Changing River Network Synchrony Modulates Projected Increases in High Flows

David E. Rupp, O. Chegwidden, Bart Nijssen, Martyn P. Clark

Projections of change in high-flow extremes with global warming vary widely among, and within, large midlatitude river basins. The spatial variability of these changes is attributable to multiple causes. One possible and little-studied cause of changes in high-flow extremes is a change in the synchrony of mainstem and tributary streamflow during high-flow extremes at the mainstem-tributary confluence. We examined reconstructed and simulated naturalized daily streamflow at confluences on the Columbia River in western North America, quantifying changes in synchrony in future streamflow projections and estimating the impact of these changes on high-flow extremes. In the Columbia River basin, projected flow regimes across colder tributaries initially diverge with warming as they respond to climate change at different rates, leading to a general decrease in synchrony, and lower high-flow extremes, relative to a scenario with no changes in synchrony.
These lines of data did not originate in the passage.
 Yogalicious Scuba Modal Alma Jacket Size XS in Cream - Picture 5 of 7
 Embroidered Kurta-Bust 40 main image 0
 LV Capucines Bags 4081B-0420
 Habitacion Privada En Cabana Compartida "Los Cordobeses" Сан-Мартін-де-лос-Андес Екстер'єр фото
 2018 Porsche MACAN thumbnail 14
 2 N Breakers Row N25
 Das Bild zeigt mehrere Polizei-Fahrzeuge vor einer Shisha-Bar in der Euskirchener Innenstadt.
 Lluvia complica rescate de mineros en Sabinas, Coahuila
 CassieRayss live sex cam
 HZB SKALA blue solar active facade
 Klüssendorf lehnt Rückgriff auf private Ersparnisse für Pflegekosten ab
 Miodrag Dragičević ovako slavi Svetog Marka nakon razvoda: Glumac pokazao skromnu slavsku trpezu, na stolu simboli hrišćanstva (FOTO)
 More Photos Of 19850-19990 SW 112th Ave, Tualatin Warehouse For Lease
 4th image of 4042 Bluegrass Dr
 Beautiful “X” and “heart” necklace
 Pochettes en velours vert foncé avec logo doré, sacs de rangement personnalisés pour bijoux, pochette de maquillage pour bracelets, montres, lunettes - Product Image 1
Where future warming is sufficiently large to cause most subbasins upstream from a confluence to transition toward a rain-dominated, warm regime, the decreasing trend in synchrony reverses itself. At one confluence with a major tributary (the Willamette River), where the mainstem and tributary flow regimes are initially very different, warming increases synchrony and, therefore, high-flow magnitudes. These results may be generalizable to the class of large rivers with large contributions to flood risk from the snow (i.e., cold) regime, but that also receive considerable discharge from tributaries that drain warmer basins.
David E. Rupp, O. Chegwidden, Bart Nijssen, and Martyn P. Clark. 2021. Changing River Network Synchrony Modulates Projected Increases in High Flows. Water Resources Research, Volume 57, Issue 4, 57(4).